(WHAT NEEDS TO BE DONE) Output the entries below word for word, stopping once the line containing "Mylar Bag Teds" is done, and omit each picture.

* * *

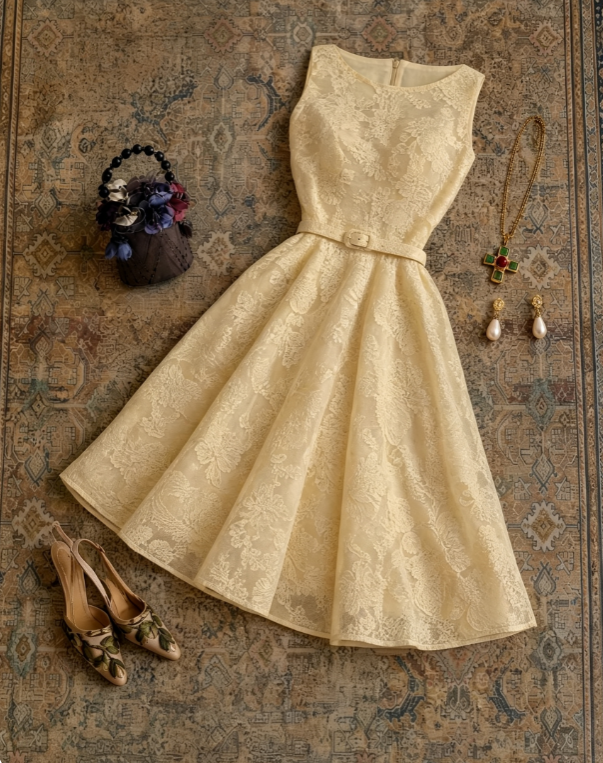 Classic Vintage Ivory Floral Lace Round Neck Sleeveless A Line Midi Prom Dress With Matching Waist Belt AD1185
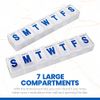 Weekly Pill Organizer - (Pack of 2) Extra Large Vitamin Container with Jumbo Easy to Read Letters, BPA Free - Daily Travel 7 Day Medication Pill Box Case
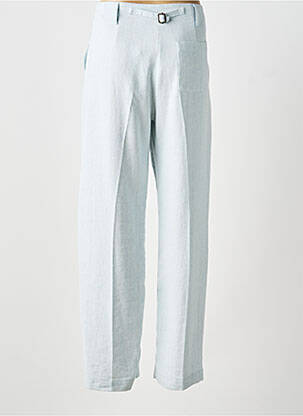 Pantalon droit taille à pinces taille haute bleu ATTIC AND BARN femme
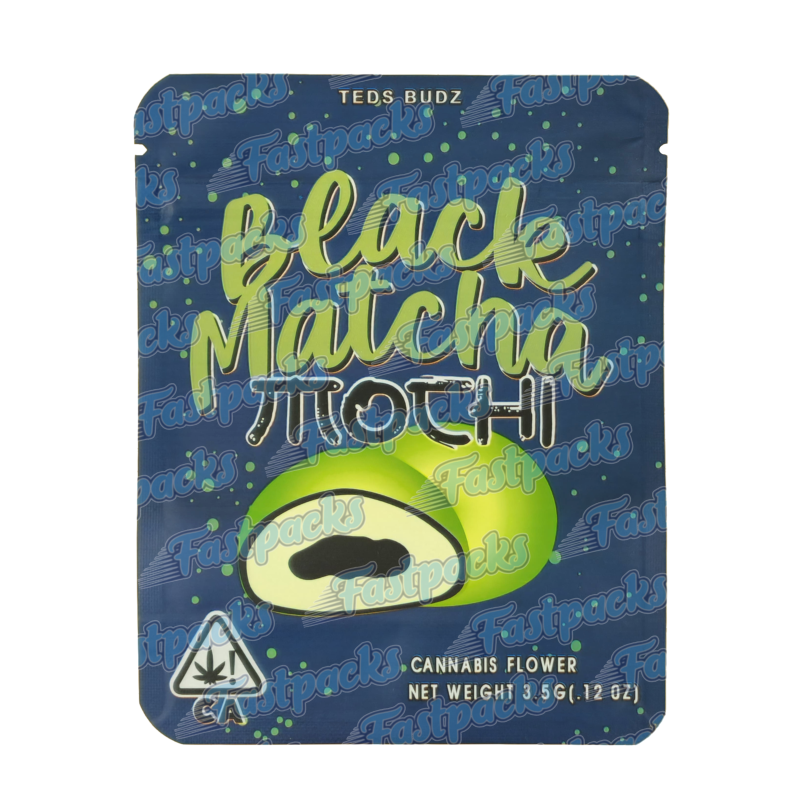 Teds Budz ~ Black Matcha Mochi ~ 3.5G Empty Mylar Bag Teds Budz ~ Black Matcha Mochi ~ 3.5G Empty Mylar Bag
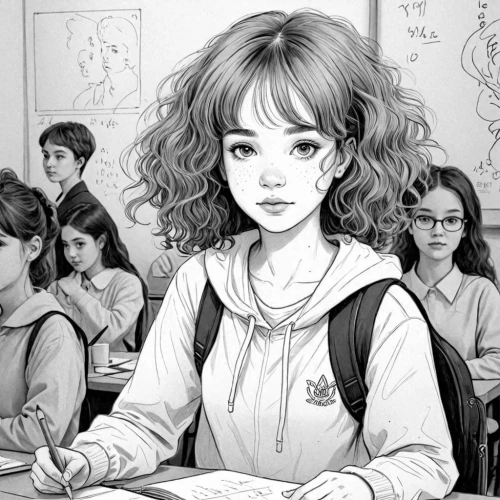 girl with speech bubble,girl studying,girl drawing,worried girl,the girl's face,line art children,kids illustration,afterschool,schooldays,detention,coloring pages kids,children drawing,classroom,pencils,calpurnia,scuola,student,study,sakimoto,schoolkid,Design Sketch,Design Sketch,Detailed Outline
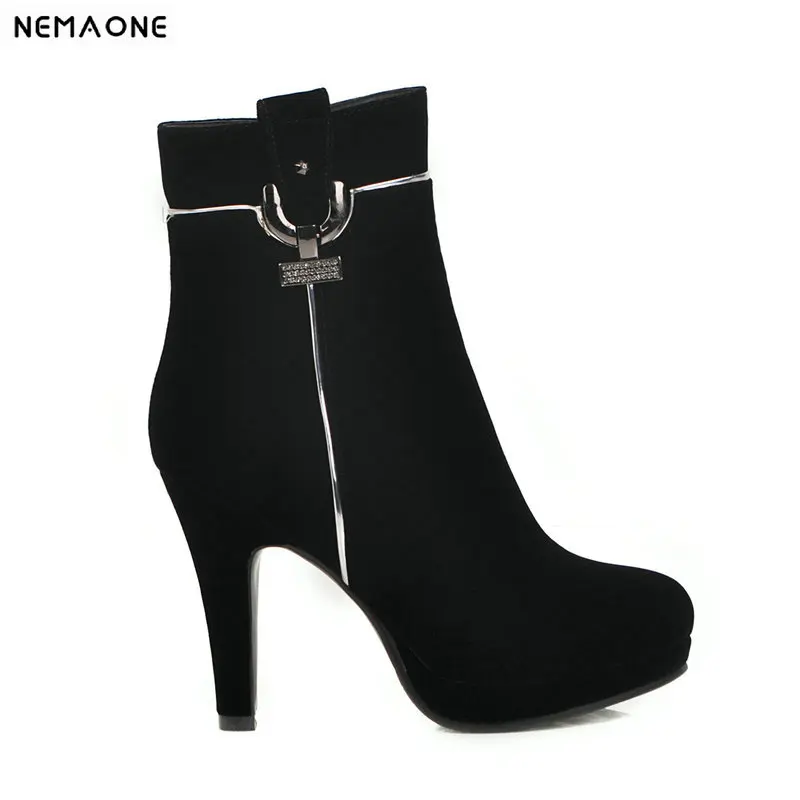 

NEMAONE Autumn winter Women High Heels platform ankle boots spring autumn shoes woman Women party wedding Boots large Size 34-43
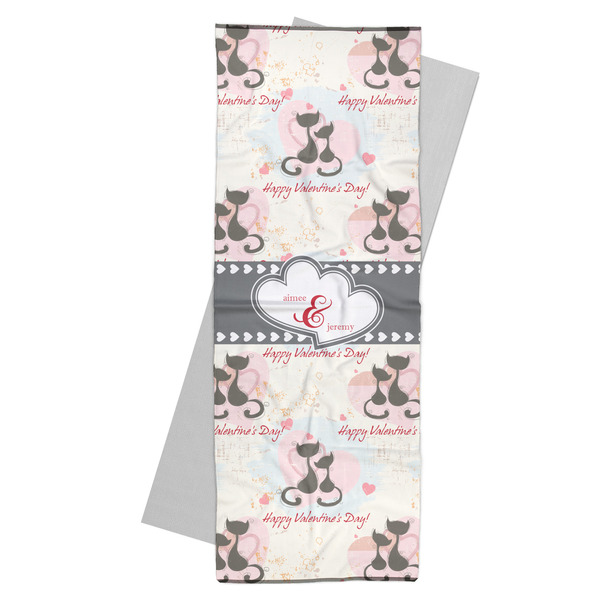 Custom Cats in Love Yoga Mat Towel (Personalized)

* * *

(ANSWER SECTION)
 Classic Vintage Ivory Floral Lace Round Neck Sleeveless A Line Midi Prom Dress With Matching Waist Belt AD1185
 Weekly Pill Organizer - (Pack of 2) Extra Large Vitamin Container with Jumbo Easy to Read Letters, BPA Free - Daily Travel 7 Day Medication Pill Box Case
 Pantalon droit taille à pinces taille haute bleu ATTIC AND BARN femme
 Teds Budz ~ Black Matcha Mochi ~ 3.5G Empty Mylar Bag Teds Budz ~ Black Matcha Mochi ~ 3.5G Empty Mylar Bag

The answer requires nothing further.